Dernière mise à jour : 7 sept. 2023

Le 29 juin 2023, l’Assemblée de la province des Iles Loyauté a adopté une délibération faisant des entités naturelles des sujets de droit. Dans cet article, Wild & Legal propose un décryptage de cette réglementation, qui débouche sur le renforcement explicite des droits de la nature dans le Code de l’environnement applicable à cette province.


Le contexte écologique et humain sur les Îles Loyauté


Pour comprendre cette évolution légale, il est nécessaire de revenir sur la structure institutionnelle des îles Loyauté.


En effet, la Nouvelle-Calédonie est une collectivité d'outre-mer (COM) à statut particulier dans le droit constitutionnel français. Elle peut adopter des "lois du pays" dans certains domaines, énumérés par la loi organique précisant son statut. A partir de 1988 et de la signature des accords de Matignon, les trois provinces de Nouvelle-Calédonie créées à cette époque sont ainsi devenues compétentes en matière d'environnement.


Jusqu’en 2011, la province des Îles Loyauté demeurait la dernière à n’avoir pas entamé de processus de codification en matière d’environnement.

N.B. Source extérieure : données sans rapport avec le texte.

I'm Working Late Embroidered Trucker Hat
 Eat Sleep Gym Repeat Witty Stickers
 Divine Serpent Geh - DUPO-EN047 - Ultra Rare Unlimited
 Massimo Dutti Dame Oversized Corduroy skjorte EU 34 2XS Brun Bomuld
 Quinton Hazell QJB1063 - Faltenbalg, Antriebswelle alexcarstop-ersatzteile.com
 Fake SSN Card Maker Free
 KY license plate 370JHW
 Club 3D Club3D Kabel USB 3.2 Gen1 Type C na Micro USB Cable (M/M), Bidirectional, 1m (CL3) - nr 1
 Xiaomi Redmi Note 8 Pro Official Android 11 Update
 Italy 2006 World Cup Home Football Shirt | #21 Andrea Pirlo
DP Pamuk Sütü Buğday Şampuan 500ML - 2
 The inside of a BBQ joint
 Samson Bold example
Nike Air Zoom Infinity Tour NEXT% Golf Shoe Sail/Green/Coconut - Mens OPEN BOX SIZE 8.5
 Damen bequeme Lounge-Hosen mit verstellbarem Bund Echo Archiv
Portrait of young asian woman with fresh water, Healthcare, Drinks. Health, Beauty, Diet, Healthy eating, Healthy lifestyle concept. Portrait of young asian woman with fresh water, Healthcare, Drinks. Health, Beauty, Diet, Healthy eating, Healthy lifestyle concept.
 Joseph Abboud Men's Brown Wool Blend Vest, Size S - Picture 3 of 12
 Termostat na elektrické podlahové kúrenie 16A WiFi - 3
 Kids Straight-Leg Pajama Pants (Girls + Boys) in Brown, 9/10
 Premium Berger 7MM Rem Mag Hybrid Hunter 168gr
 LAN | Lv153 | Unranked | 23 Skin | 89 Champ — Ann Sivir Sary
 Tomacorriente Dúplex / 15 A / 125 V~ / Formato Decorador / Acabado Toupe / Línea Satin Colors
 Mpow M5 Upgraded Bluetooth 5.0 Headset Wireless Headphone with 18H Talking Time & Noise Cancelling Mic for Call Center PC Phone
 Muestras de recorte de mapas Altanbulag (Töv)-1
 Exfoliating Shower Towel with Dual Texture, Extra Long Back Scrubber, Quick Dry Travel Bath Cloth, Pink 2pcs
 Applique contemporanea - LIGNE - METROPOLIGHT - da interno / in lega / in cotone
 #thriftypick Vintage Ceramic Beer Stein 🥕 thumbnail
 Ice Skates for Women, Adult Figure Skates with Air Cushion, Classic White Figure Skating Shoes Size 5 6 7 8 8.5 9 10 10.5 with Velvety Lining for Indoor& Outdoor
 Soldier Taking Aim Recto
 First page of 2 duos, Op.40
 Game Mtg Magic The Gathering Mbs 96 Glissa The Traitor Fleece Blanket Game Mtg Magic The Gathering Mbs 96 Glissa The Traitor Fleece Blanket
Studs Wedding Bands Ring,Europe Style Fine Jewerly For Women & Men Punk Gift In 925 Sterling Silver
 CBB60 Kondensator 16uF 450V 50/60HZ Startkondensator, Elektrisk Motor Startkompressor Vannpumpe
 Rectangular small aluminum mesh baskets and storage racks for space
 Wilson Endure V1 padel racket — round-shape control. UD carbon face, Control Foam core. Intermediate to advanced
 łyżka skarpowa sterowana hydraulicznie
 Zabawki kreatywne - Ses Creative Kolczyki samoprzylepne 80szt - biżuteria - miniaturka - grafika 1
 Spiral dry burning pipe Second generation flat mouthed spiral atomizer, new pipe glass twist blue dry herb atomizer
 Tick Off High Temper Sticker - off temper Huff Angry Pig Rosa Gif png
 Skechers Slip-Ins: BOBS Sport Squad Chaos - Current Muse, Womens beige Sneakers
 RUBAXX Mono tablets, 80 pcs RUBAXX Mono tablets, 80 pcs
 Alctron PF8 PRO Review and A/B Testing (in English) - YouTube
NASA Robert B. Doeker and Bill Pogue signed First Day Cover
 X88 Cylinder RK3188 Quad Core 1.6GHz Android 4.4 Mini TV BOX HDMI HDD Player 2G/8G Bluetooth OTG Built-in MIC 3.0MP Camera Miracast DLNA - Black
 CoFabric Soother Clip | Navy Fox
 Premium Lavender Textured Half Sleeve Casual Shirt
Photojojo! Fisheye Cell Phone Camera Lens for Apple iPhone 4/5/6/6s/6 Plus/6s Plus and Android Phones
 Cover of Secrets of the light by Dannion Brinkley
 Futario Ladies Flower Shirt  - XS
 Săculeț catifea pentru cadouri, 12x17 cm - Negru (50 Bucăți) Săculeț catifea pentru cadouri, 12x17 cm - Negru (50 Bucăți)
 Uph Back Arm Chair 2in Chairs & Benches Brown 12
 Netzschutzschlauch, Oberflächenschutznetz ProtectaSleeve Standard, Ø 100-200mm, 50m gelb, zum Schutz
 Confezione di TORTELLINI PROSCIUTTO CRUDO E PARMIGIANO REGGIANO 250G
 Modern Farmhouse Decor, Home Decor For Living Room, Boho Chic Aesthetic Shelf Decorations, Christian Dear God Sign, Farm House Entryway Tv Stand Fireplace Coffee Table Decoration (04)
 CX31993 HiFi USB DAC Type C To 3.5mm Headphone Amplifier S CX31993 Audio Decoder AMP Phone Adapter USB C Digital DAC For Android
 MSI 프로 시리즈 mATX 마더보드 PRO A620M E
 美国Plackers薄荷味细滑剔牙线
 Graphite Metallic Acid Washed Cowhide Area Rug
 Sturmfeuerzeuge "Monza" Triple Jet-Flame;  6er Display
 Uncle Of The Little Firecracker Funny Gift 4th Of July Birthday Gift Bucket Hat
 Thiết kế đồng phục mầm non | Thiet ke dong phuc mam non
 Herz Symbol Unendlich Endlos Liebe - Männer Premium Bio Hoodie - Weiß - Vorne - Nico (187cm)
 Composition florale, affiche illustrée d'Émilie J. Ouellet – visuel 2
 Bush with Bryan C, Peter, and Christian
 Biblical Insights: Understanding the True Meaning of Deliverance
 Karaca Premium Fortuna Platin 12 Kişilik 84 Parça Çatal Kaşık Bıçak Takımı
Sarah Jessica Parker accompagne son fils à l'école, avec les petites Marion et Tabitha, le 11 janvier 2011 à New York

La flore et la faune des îles Loyauté présentent un important taux d'endémisme et la nature y est relativement bien préservée, comme le démontrent ses écosystèmes terrestres et marins remarquables. Pour autant, des dégradations menacent cette nature exceptionnelle, comme la destruction d'espaces naturels pour les besoins urbanistiques ou pour des projets hôteliers. Ces menaces sont directement corrélées aux activités humaines et certains de ces comportements sont par ailleurs perçus comme des intrusions sur les espaces sacrés. C’est notamment le cas de la circulation de certains plaisanciers.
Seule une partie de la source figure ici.